なんであの時、なんであの人が、なんで私だけ…
普通では信じられないようなことが、本当に起こってしまう。
それでも、生きていれば、命さえあれば、希望を持つ事ができると心から思える。

かわいらしいタッチの絵柄で、全体的に柔らかい雰囲気だけど、内容はかなりリアルで一切嘘が無い。
否応無く振りかざされる理不尽な暴力の凄みも、その人たちの間でしかわからないようななけなしの幸せな瞬間の温かさも、すべてそこに確かに存在する本物だった。
特に、空襲が来たとき「今ここに絵の具があれば」と思ってしまうシーンは印象的だった。
凄まじく悲惨で残酷な場面でさえ、人は時々そんなのんきな事を考えてしまうものかもしれない。
たとえそれが人を殺す脅威だったとしても、実際に美しいと感じる景色はある。その感覚を善悪などの基準で測ることはできない。
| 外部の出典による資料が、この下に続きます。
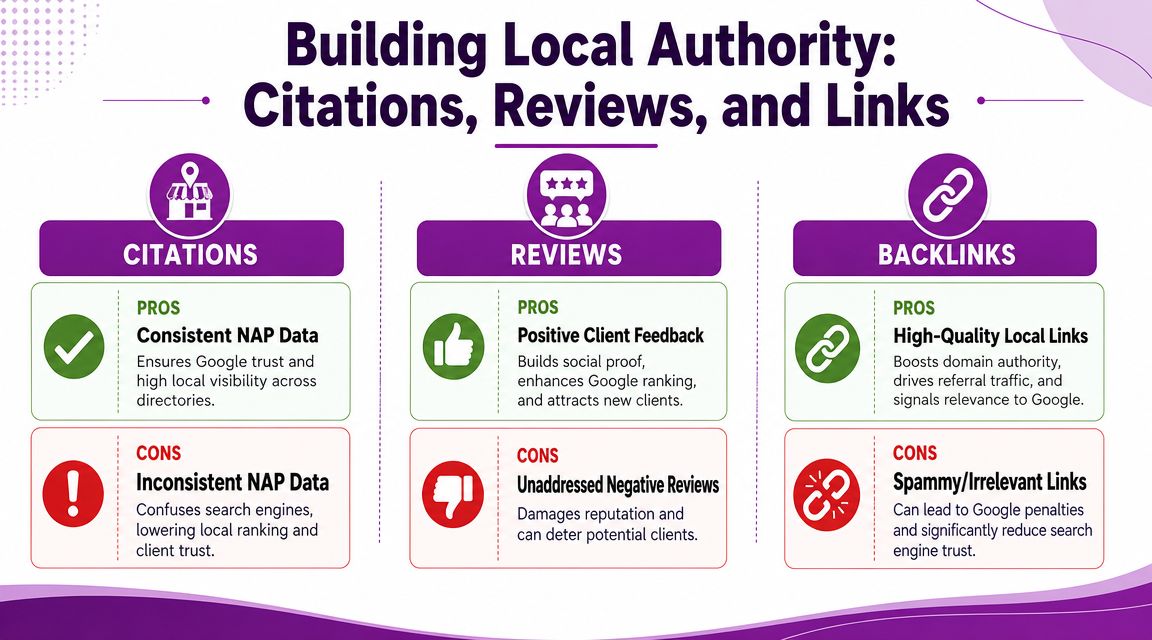 An infographic titled Building Local Authority showing pros and cons of citations, reviews, and backlinks.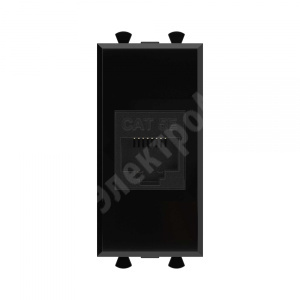 Изображение 4402661 | Компьютерная розетка RJ-45 без шторки модульная, кат.5е, "Avanti", "Черный квадрат", 1 модуль 4402661 DKC (ДКС)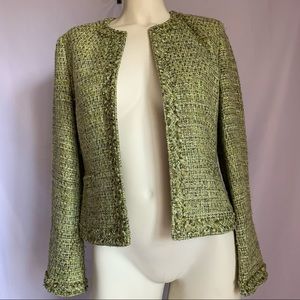 Talbots women’s tweed blazer in green Size 2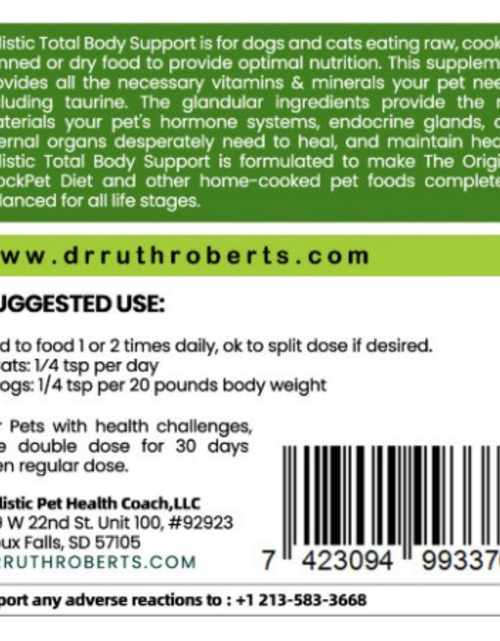 Load image into Gallery viewer, Holistic Total Body Support – Multivitamin &amp; Glandular Support for Dogs and Cats

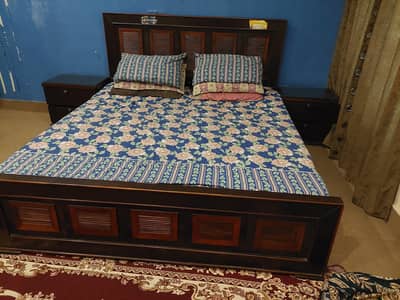 Complete wooden bed set with Mattress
アニメでしかできないような描写もあって面白かった。こんなにも生々しく人間の生きている姿、その熱量が感じられるとは…

悲しくなるけど、なんとか心に救いがあった。現実的な厳しさもあるが、やっぱり優しい世界観がこの映画の空気を包み込んでいた。
ここまでリアルに人間の生を追体験すると、作品のタイトルにもなっている言葉を含んだ終盤のクサめのセリフももはや違和感が無いし、胸に沁み渡ってくる。
ただ生きていることが愛おしい。そう思えた。